#### Data block ####

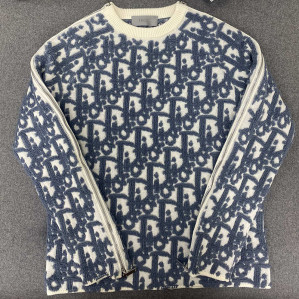 디올 오블리크 스웨터 버진 울 코튼 블렌드 스웨터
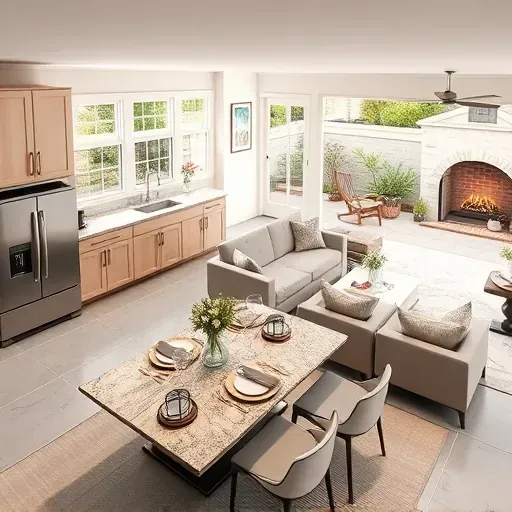 Completed home remodeling in Masonboro, NC featuring a modern kitchen, elegant dining area, and landscaped garden.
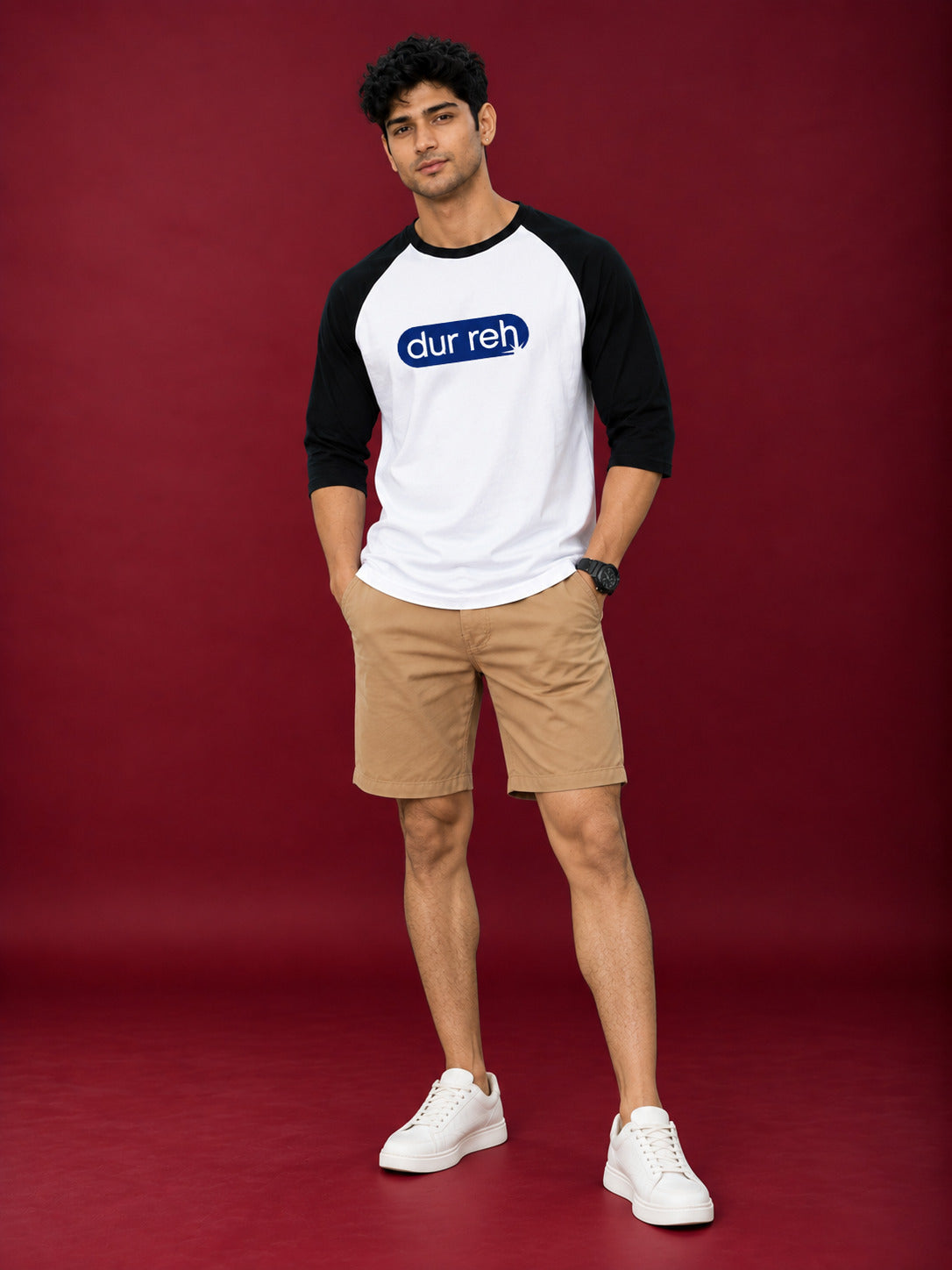 TeeVybe Men’s Dur Reh Graphic Printed White & Black Raglan 3/4 Sleeve T-Shirt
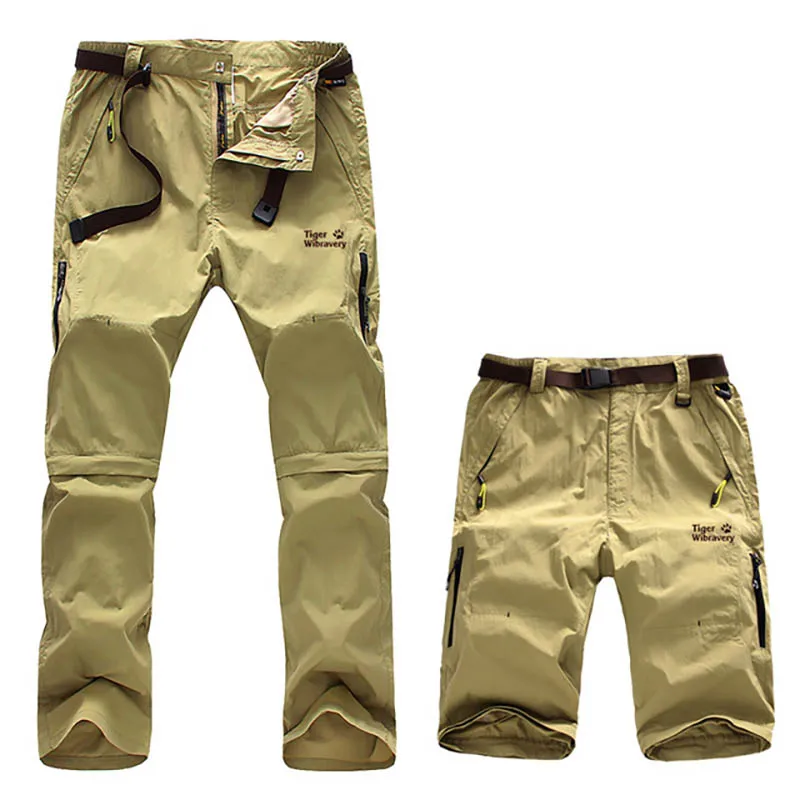Летние мужские быстросохнущие брюки тонкие дышащие для улицы 2 в 1 съемные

####

▸ **The task**
The result should be a transcript of the lines from the line containing "Completed home remodeling" through the end of the listing above, exact, inclusive, and without pictures.

▸ **Answer box**
 Completed home remodeling in Masonboro, NC featuring a modern kitchen, elegant dining area, and landscaped garden.
 TeeVybe Men’s Dur Reh Graphic Printed White & Black Raglan 3/4 Sleeve T-Shirt
Летние мужские быстросохнущие брюки тонкие дышащие для улицы 2 в 1 съемные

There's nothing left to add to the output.